The fact is that any intervention in a free market, no matter how well-intentioned, will create unintended consequences and perverse incentives, along with unfairness and injustice.

Suppose we decide that we want to ensure that poor producers in third world countries earn higher incomes (and leave aside the inevitable confusion this creates between trade and aid -- there is a case to be made for both trade and aid, but we muddy the water when try to mix them up).

So we offer an enhanced price to producers (let's say of coffee, as a typical example), to ensure their incomes. But as any first-year economics student will tell you, the immediate effect of raising the price of a commodity is to increase the supply. Producers of other commodities may switch to coffee, to take advantage of the new price. Marginal land may be brought into production. Previously unemployed people may decide to work in the plantations.

The immediate effect of increased supply is that the "natural" price goes down, and you require a greater subsidy to maintain the price you first thought of. And what are you to do with the increased supply? Logically there are only two things. You can buy the increased supply and store it in warehouses (until you can think what to do with it). Or you can tell some people to stop producing.

Neither is attractive. Storing excess production is hugely expensive, and merely postpones the problem. Telling some people they can't participate means that those left out will be even worse off -- since your own action has reduced the free-market price. And you have created all the patronage and nastiness (and potential for corruption) of administrators playing God, choosing who shall benefit and who shall lose out.

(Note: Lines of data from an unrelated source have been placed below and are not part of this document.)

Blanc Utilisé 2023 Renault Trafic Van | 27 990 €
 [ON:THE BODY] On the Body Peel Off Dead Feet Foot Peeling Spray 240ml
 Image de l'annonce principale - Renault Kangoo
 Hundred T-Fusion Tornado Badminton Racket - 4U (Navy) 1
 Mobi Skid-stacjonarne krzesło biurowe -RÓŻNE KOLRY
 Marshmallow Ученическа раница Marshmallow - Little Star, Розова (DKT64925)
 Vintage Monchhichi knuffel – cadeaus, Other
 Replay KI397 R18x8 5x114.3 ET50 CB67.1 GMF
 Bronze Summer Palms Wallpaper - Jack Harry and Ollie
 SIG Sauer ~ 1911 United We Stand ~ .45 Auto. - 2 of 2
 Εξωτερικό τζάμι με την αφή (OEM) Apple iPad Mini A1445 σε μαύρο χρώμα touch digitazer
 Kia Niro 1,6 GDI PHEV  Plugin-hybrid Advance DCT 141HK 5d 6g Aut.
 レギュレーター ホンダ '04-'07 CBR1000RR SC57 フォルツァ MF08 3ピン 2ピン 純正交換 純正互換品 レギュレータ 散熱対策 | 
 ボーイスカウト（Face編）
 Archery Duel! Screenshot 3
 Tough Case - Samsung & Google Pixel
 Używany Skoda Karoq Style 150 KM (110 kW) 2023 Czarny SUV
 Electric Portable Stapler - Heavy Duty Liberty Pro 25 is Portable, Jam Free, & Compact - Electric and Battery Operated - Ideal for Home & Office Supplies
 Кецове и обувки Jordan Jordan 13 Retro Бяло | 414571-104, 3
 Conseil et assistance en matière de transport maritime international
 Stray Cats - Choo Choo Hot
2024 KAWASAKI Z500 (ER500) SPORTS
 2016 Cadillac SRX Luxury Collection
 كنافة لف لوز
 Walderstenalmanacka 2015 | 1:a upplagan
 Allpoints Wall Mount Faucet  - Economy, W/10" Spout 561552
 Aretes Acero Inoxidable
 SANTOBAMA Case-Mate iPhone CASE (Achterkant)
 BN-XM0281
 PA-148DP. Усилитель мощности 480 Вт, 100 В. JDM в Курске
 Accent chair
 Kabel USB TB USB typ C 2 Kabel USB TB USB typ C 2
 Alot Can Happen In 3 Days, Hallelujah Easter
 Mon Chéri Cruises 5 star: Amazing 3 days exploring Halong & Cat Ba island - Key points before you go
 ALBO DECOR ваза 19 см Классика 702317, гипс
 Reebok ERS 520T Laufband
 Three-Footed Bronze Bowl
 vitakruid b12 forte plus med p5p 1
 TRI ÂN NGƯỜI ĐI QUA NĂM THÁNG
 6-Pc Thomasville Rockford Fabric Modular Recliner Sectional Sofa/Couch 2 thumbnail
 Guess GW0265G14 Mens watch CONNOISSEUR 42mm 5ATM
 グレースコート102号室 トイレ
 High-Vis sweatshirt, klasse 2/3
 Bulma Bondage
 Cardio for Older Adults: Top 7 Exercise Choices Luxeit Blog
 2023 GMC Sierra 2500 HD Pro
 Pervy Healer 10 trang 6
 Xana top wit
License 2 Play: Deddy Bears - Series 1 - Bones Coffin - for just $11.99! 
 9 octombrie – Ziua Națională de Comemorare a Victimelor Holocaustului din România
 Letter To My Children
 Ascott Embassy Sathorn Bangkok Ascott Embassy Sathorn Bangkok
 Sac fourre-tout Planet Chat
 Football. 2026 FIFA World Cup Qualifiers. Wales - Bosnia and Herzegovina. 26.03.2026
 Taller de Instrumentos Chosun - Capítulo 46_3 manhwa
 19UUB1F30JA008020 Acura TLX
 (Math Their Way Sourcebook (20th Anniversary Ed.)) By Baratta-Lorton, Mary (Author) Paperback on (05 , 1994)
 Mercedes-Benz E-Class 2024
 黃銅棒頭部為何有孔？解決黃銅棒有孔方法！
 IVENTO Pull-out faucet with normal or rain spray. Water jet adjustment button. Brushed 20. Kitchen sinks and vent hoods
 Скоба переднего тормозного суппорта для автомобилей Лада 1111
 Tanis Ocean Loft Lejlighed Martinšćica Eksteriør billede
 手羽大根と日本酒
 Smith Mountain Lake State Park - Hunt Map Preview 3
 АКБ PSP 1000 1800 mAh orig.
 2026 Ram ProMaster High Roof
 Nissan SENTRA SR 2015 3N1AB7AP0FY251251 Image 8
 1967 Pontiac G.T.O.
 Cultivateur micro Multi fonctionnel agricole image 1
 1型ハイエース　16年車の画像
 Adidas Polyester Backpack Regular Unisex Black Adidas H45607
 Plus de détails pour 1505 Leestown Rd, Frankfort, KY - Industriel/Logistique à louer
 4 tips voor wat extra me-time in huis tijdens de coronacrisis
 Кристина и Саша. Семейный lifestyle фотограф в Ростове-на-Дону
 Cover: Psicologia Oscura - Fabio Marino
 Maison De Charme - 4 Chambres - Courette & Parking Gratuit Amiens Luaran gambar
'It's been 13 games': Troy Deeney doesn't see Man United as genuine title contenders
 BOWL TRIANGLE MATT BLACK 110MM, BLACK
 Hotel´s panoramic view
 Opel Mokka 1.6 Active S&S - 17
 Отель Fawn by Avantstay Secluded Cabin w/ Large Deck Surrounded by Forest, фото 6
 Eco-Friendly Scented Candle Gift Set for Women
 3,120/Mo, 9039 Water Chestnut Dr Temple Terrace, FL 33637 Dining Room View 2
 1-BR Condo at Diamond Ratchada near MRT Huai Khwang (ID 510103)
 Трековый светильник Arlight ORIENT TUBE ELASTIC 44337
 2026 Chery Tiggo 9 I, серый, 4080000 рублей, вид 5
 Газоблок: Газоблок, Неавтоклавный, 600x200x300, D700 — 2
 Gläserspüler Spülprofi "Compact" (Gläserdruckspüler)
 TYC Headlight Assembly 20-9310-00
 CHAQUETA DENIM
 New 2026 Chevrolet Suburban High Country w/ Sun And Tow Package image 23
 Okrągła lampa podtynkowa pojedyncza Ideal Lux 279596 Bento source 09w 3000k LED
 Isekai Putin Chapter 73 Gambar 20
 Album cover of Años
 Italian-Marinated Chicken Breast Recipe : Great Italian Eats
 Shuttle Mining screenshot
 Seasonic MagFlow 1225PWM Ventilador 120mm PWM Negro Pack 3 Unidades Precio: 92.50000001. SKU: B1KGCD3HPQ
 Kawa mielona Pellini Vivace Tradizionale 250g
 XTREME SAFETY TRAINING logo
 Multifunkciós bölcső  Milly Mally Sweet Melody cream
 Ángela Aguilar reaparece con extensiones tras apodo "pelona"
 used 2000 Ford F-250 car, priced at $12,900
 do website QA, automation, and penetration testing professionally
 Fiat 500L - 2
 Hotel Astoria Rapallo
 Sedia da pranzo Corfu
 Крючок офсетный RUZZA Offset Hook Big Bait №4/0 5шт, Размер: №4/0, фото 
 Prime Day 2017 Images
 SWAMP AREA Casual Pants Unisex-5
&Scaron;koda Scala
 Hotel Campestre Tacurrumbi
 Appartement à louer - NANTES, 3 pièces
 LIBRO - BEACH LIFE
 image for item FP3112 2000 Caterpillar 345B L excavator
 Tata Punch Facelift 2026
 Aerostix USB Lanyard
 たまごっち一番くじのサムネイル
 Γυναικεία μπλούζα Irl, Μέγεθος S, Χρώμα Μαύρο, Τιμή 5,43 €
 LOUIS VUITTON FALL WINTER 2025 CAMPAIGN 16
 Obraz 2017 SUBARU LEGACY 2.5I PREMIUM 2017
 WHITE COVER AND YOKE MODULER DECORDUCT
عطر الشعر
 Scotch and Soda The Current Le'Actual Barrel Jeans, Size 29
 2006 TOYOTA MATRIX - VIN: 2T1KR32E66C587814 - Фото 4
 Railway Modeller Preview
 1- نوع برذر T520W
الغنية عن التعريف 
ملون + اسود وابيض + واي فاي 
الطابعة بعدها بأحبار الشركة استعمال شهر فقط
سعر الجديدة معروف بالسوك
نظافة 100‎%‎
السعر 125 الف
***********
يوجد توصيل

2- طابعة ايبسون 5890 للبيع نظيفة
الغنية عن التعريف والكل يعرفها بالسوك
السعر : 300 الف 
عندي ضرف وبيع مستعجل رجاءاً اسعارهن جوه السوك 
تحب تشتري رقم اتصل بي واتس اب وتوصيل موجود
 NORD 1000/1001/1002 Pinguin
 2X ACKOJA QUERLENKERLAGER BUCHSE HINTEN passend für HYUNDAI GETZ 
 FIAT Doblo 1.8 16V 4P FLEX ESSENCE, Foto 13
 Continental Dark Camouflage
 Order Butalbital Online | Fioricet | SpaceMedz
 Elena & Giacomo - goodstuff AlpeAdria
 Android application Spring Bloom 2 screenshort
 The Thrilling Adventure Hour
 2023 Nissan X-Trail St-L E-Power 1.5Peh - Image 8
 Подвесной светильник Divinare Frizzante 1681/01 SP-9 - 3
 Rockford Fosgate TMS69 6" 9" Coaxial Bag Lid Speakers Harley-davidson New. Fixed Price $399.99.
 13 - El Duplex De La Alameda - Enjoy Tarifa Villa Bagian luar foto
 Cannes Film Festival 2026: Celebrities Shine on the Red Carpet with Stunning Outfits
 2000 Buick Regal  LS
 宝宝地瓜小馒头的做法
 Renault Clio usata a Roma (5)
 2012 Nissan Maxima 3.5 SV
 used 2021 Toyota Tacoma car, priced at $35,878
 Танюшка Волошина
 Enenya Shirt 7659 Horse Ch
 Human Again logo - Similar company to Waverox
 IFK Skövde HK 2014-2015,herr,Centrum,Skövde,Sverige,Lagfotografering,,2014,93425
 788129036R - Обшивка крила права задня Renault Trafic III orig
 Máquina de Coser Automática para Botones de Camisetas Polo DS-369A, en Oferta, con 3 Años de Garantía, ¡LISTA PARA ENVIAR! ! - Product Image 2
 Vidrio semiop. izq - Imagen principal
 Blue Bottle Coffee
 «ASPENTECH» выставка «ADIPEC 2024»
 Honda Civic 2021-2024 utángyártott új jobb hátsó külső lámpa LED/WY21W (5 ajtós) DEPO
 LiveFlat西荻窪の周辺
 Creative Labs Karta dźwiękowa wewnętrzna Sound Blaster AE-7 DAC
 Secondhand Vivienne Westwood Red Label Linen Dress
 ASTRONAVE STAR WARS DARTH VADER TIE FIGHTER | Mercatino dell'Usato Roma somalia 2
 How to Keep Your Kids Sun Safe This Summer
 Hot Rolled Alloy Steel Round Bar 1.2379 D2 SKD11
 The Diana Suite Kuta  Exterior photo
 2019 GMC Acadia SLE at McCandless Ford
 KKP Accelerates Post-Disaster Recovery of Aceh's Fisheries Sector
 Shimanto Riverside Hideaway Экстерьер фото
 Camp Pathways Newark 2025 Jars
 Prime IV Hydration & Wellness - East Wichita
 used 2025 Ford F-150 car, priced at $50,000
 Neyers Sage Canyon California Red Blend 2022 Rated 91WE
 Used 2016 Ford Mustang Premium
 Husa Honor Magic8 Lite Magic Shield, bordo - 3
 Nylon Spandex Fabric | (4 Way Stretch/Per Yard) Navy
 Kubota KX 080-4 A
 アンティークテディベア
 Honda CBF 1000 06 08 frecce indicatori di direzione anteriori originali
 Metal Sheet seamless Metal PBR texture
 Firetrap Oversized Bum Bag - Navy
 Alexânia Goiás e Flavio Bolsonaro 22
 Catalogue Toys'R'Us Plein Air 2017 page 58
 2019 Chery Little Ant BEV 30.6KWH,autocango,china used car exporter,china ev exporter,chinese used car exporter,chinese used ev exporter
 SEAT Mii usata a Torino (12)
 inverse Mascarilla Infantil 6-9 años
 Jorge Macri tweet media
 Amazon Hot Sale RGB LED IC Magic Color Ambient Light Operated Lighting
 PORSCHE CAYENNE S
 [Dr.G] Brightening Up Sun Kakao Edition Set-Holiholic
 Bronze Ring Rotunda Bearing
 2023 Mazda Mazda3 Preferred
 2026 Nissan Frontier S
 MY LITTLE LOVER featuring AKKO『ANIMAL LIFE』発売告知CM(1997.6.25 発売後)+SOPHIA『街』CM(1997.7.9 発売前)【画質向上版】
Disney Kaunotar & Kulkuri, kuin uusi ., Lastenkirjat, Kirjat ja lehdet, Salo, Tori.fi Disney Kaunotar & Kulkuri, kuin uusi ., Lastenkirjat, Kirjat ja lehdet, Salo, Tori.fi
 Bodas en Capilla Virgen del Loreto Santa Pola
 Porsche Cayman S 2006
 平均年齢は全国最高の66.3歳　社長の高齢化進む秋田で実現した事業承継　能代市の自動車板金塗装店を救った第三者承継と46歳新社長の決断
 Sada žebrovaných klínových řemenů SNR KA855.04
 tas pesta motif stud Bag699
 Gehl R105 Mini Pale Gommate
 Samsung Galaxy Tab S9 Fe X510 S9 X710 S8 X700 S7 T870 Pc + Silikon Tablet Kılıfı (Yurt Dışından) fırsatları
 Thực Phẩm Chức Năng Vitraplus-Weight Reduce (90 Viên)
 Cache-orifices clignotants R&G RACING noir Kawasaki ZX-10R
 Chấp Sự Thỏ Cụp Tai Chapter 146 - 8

But hang on -- haven't we seen these problems somewhere before? "Buying into intervention"? Food mountains? Set-aside? Yes of course! It's the EU's Common Agricultural Policy all over again! You don't have to take my word for the inevitable consequences of imposed biases and distortions in free market prices. We've been there. We've done that. We've seen the movie. We know how it ends. And we're still living with the consequences!

And the key thing to remember about the CAP is that it is a protectionist measure that does huge damage to agricultural commodity producers in the third world. Buying food with a Fair Trade label may give us a warm, cuddly, fuzzy feeling, especially if we ignore the unintended consequences. But getting shot of the CAP would actually do some good for poor third-world farmers.

I remember speaking to the Development Minister of a poor Asian country, who said "If only you would open your markets to our commodities, we wouldn't need your aid".

Aid creates dependency and corruption. It destroys incentives (and "Fair Trade" is merely a disguised form of aid). Trade on the other hand creates opportunity and incentive and self-reliance and proper pride.

The problem with the Fair Trade campaign is that it gives us a warm feeling that we are doing some good to the poor, while actually distracting us from the real problem.

Fair trade is Free Trade. Anything else is a lie, and a distortion of the market.